Source information =>
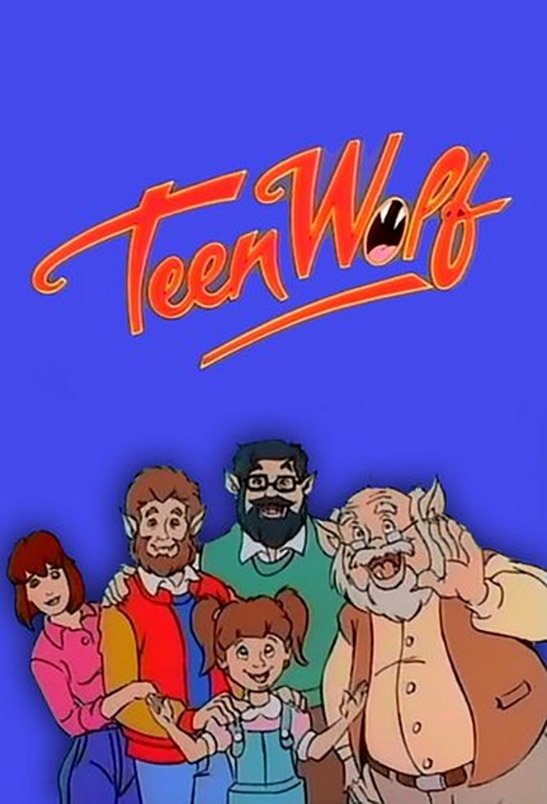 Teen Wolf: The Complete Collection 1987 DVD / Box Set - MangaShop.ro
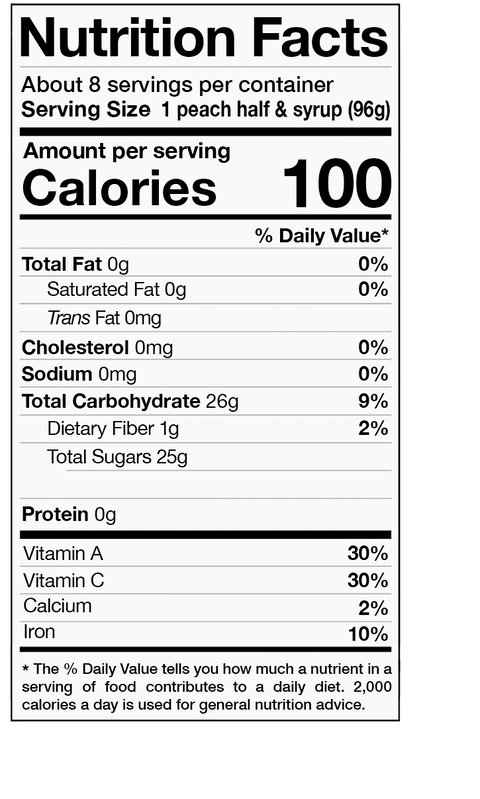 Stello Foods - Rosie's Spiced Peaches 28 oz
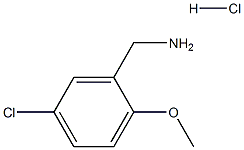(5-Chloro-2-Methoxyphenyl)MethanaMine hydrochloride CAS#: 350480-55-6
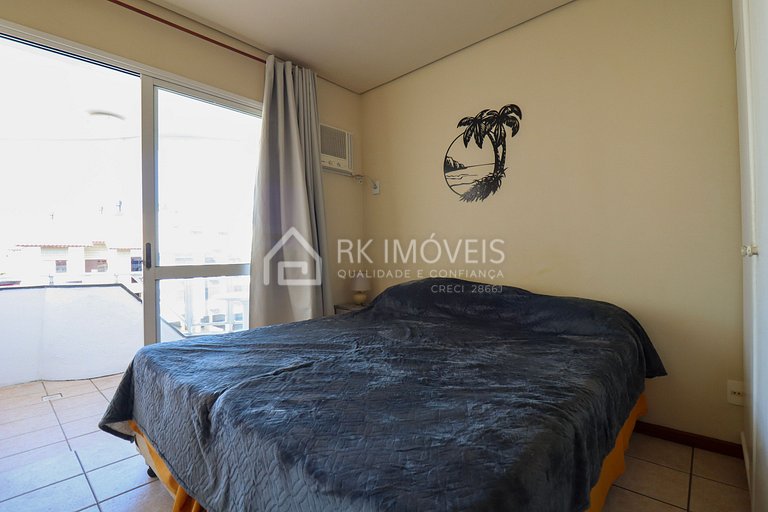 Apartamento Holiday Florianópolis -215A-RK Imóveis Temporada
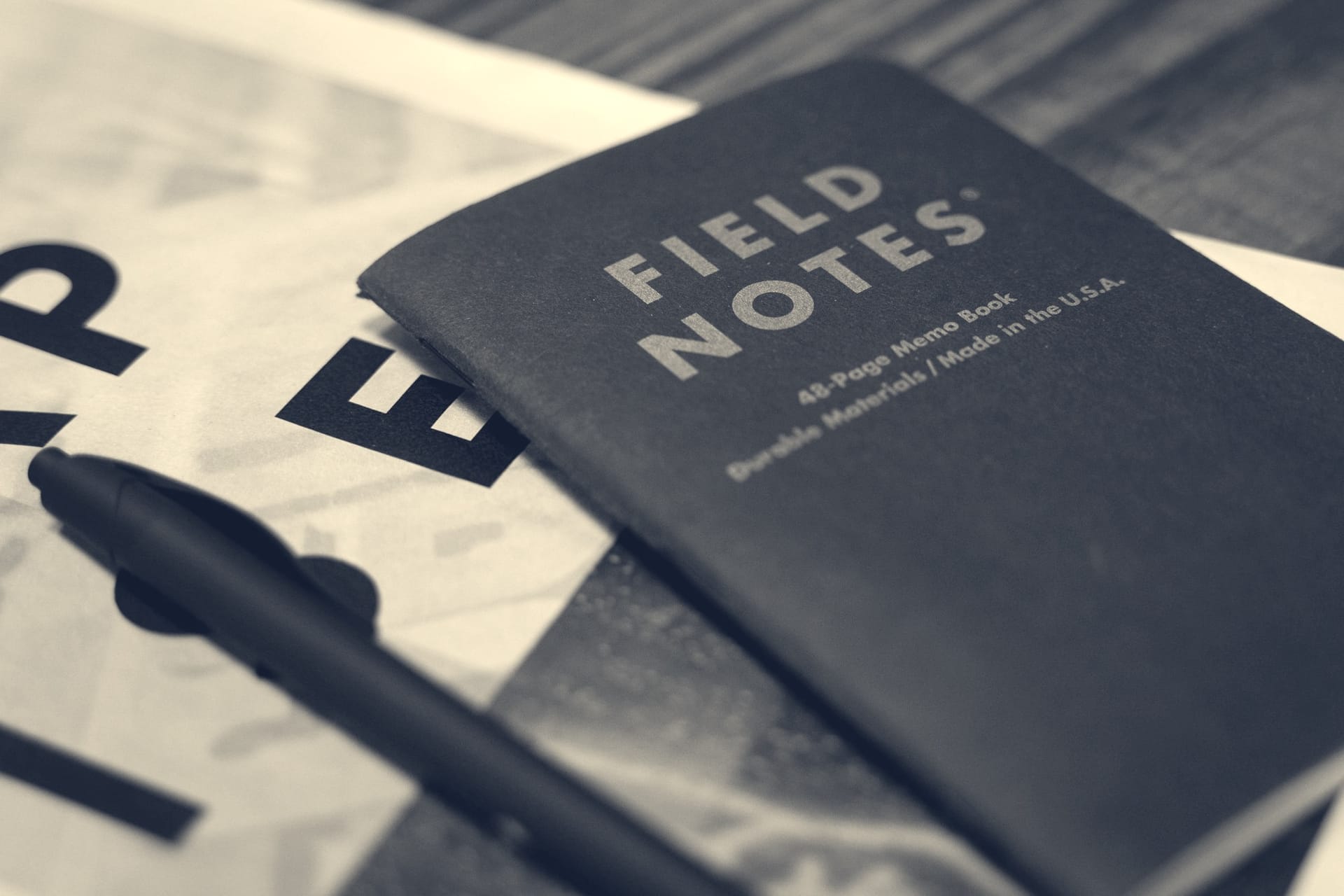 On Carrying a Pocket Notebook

The problem =>
Could you give the listing above again word for word, without any pictures?

Response =>
 Teen Wolf: The Complete Collection 1987 DVD / Box Set - MangaShop.ro
 Stello Foods - Rosie's Spiced Peaches 28 oz
(5-Chloro-2-Methoxyphenyl)MethanaMine hydrochloride CAS#: 350480-55-6
 Apartamento Holiday Florianópolis -215A-RK Imóveis Temporada
 On Carrying a Pocket Notebook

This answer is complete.